On le voit, les autorités africaines vont devoir concilier investissements massifs et préservation des équilibres budgétaires. D’autant plus que la croissance du continent a tendance à inciter bailleurs et emprunteurs à l’optimisme et attire des flux importants de financements étrangers. Certes, ce dynamisme est réel et l’on constate des tendances économiques très encourageantes pour le continent africain. Citons notamment l’émergence d’une classe moyenne, la bonne résistance pour l’instant aux turbulences économiques mondiales, le dynamisme de la demande intérieure dans certains pays. Il n’en demeure pas moins que ces économies restent pour la plupart insuffisamment diversifiées et caractérisées par une vulnérabilité au retournement des cours ou une brusque chute des recettes d’exportations.

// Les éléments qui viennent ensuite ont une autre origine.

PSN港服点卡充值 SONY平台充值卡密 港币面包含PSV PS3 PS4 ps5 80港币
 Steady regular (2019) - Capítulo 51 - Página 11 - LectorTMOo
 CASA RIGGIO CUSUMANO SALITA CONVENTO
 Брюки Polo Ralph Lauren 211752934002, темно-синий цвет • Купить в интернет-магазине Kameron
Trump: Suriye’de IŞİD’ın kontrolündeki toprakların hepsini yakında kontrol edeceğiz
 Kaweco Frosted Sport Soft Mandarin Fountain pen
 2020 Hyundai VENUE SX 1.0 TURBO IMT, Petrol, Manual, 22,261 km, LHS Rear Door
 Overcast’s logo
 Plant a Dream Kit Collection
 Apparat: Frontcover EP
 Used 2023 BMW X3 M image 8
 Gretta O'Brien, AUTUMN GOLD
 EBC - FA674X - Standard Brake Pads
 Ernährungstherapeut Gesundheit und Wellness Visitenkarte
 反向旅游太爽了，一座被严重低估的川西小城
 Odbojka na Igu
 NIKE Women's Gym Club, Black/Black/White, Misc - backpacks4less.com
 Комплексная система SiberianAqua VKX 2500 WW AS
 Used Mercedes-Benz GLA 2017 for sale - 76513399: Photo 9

De plus, la littérature montre que, pour les pays ayant enregistré une crise de la dette, la probabilité de connaitre un nouveau défaut est relativement forte.
A cet égard, l’aide au développement, en apportant des ressources à des conditions favorables pour financer des investissements structurants, permet de préserver la soutenabilité de l’endettement tout en réduisant les vulnérabilités des économies de ces pays.
La question de la soutenabilité de l’endettement des pays d’Afrique subsaharienne fait aujourd’hui plus que jamais le quotidien des bailleurs de fonds et des pays emprunteurs. La prudence doit rester de mise. D’abord parce que la situation budgétaire des pays créanciers ne permettrait pas un nouvel épisode d’annulation massive de créances. Mais surtout parce qu’une nouvelle crise de la dette saperait, pour de longues années, les dynamiques porteuses d’espoirs à l’œuvre sur le continent. Elle hypothéquerait pour longtemps les capacités des États à mettre en œuvre des politiques publiques favorisant une croissance durable, et surtout davantage redistributrice qu’elle ne l’a été jusqu’à présent.